··· Stored data

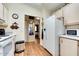 Bright kitchen featuring wood flooring, white appliances, and a view into the hallway and bedroom at 17200 W Bell Rd # 1643, Surprise, AZ 85374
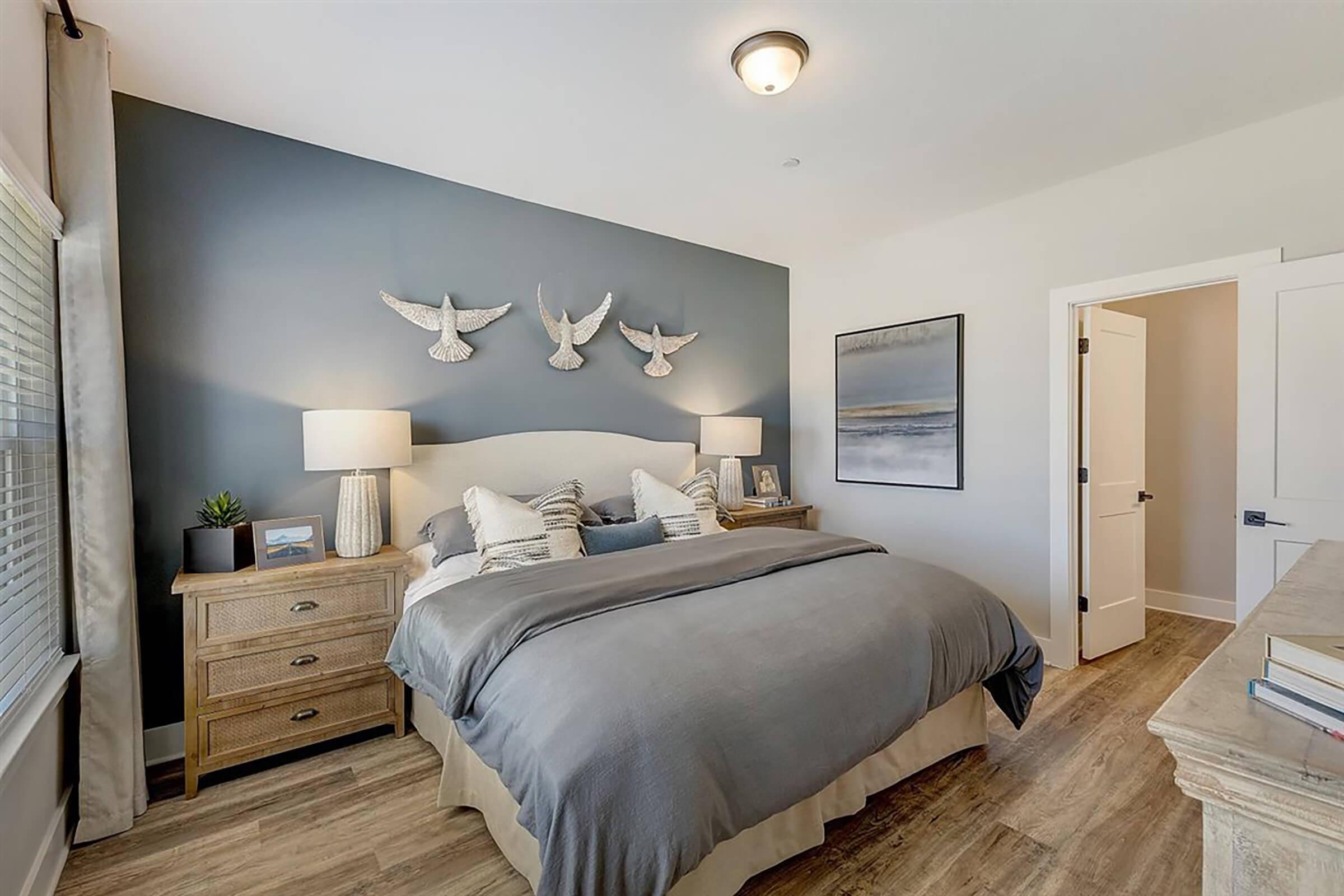 A cozy bedroom featuring a blue accent wall adorned with decorative birds. The bed is dressed in gray linens with plush pillows, flanked by two stylish bedside lamps on wooden nightstands. A piece of artwork hangs above a dresser, while a doorway leads to another room, enhancing the inviting atmosphere.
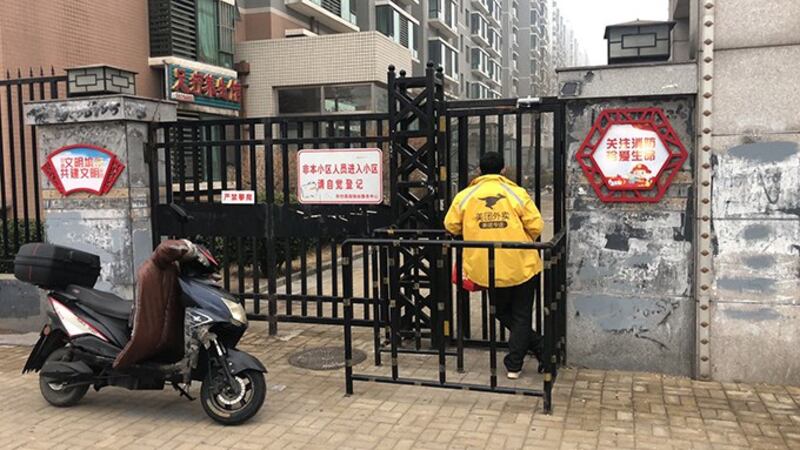 为避免新冠病毒感染，中国的许多居民小区对外关闭。图为北京一个小区外等待顾客接收定货的外卖。（Photo by Dylan Wang）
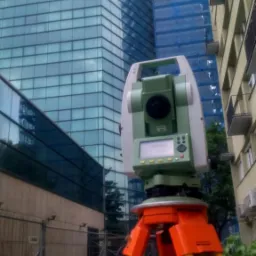 Tachimetr na pomarańczowym statywie ustawiony na chodniku, w tle nowoczesny szklany biurowiec i budynek w rusztowaniach.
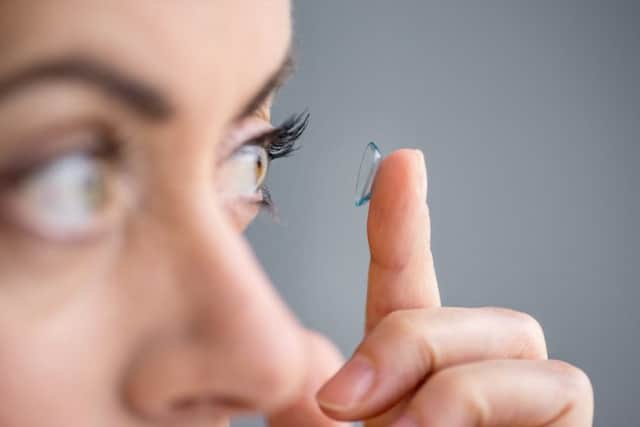 A woman puts a disposable contact lense into one of her eyes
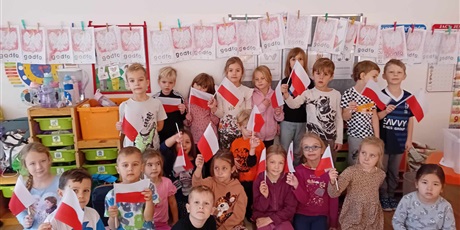 Powiększ grafikę: Dzieci z grupy IV pozują do zdjęcia trzymając w ręce flagę Polski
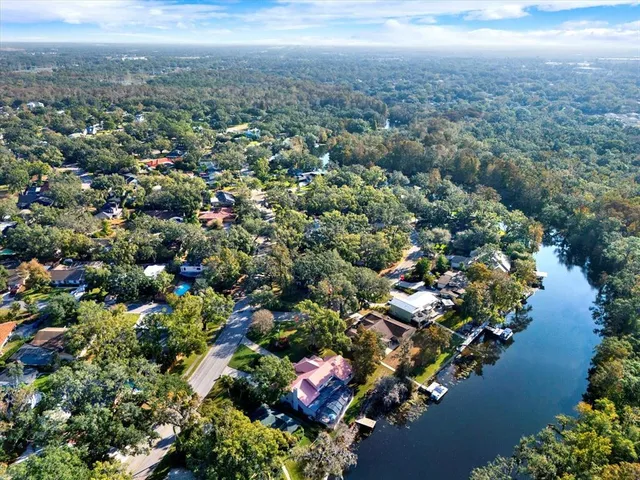 an aerial view of residential house with outdoor space and lake view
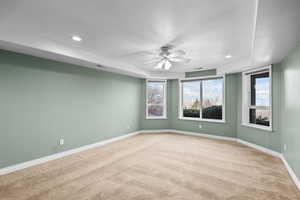 Carpeted spare room featuring recessed lighting and ceiling fan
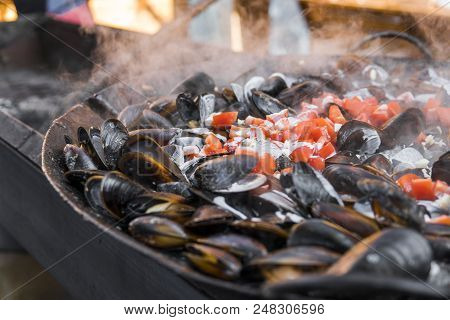 Fresh Mussels At Grill Pan. Seafood Barbecue Outdoors. Picnic Healthy Food, Mussels In Shells. Plent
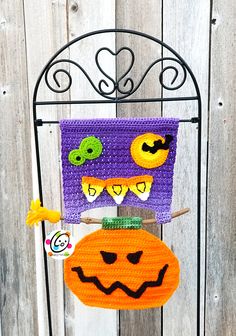 a crocheted halloween decoration hanging from a metal rack on a wooden fence with white boards in the background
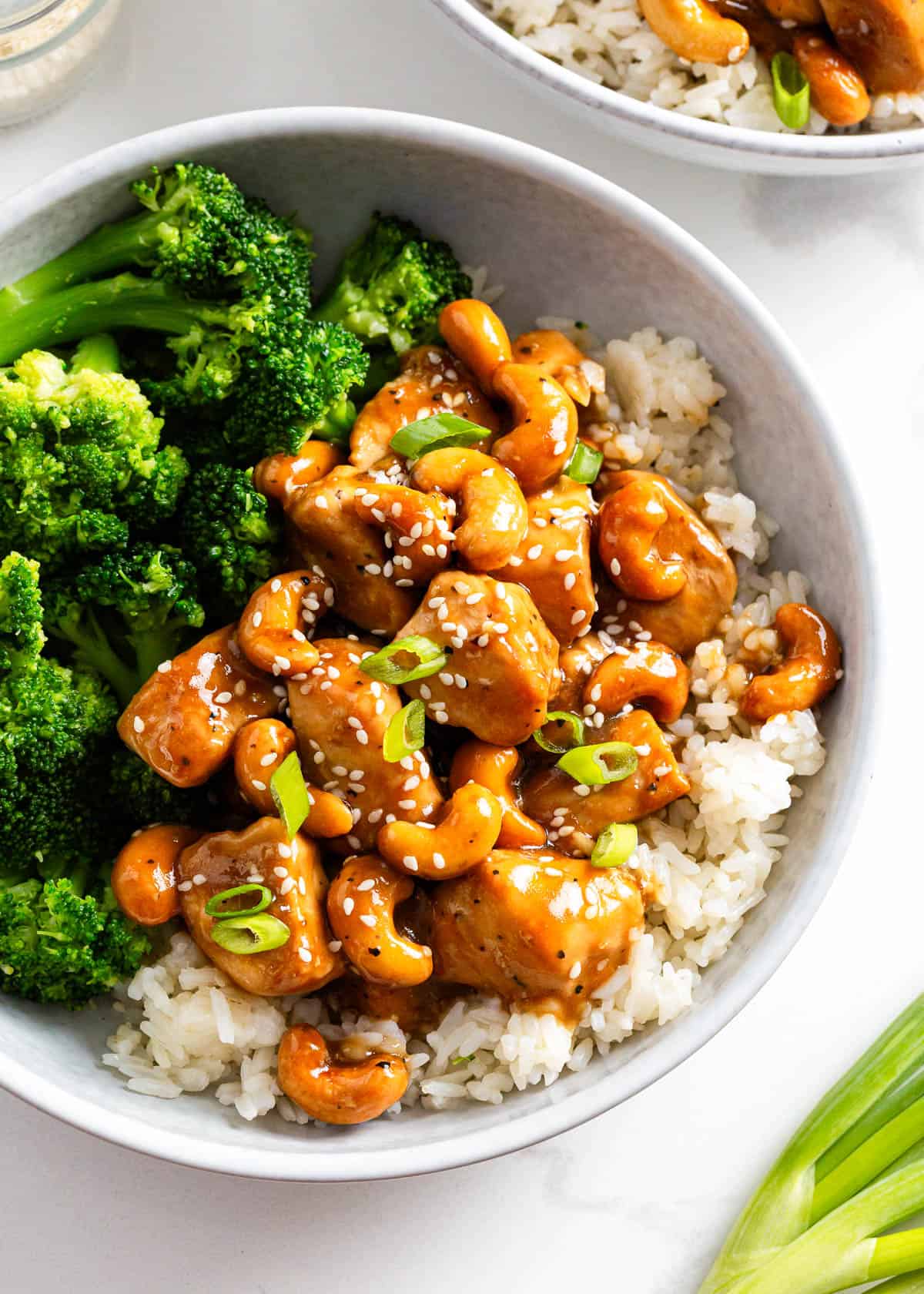 Cashew chicken in a bowl with rice and broccoli.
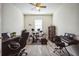 Home office with wood floors, dark desk, rolling chair, and electronic drum set at 17936 Polo Trl, Bradenton, FL 34211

······

**Directions**
Would you please set down the listing above exactly, minus its images?

**Exercise result**
 Bright kitchen featuring wood flooring, white appliances, and a view into the hallway and bedroom at 17200 W Bell Rd # 1643, Surprise, AZ 85374
 A cozy bedroom featuring a blue accent wall adorned with decorative birds. The bed is dressed in gray linens with plush pillows, flanked by two stylish bedside lamps on wooden nightstands. A piece of artwork hangs above a dresser, while a doorway leads to another room, enhancing the inviting atmosphere.
 为避免新冠病毒感染，中国的许多居民小区对外关闭。图为北京一个小区外等待顾客接收定货的外卖。（Photo by Dylan Wang）
 Tachimetr na pomarańczowym statywie ustawiony na chodniku, w tle nowoczesny szklany biurowiec i budynek w rusztowaniach.
 A woman puts a disposable contact lense into one of her eyes
 Powiększ grafikę: Dzieci z grupy IV pozują do zdjęcia trzymając w ręce flagę Polski
 an aerial view of residential house with outdoor space and lake view
 Carpeted spare room featuring recessed lighting and ceiling fan
 Fresh Mussels At Grill Pan. Seafood Barbecue Outdoors. Picnic Healthy Food, Mussels In Shells. Plent
 a crocheted halloween decoration hanging from a metal rack on a wooden fence with white boards in the background
 Cashew chicken in a bowl with rice and broccoli.
 Home office with wood floors, dark desk, rolling chair, and electronic drum set at 17936 Polo Trl, Bradenton, FL 34211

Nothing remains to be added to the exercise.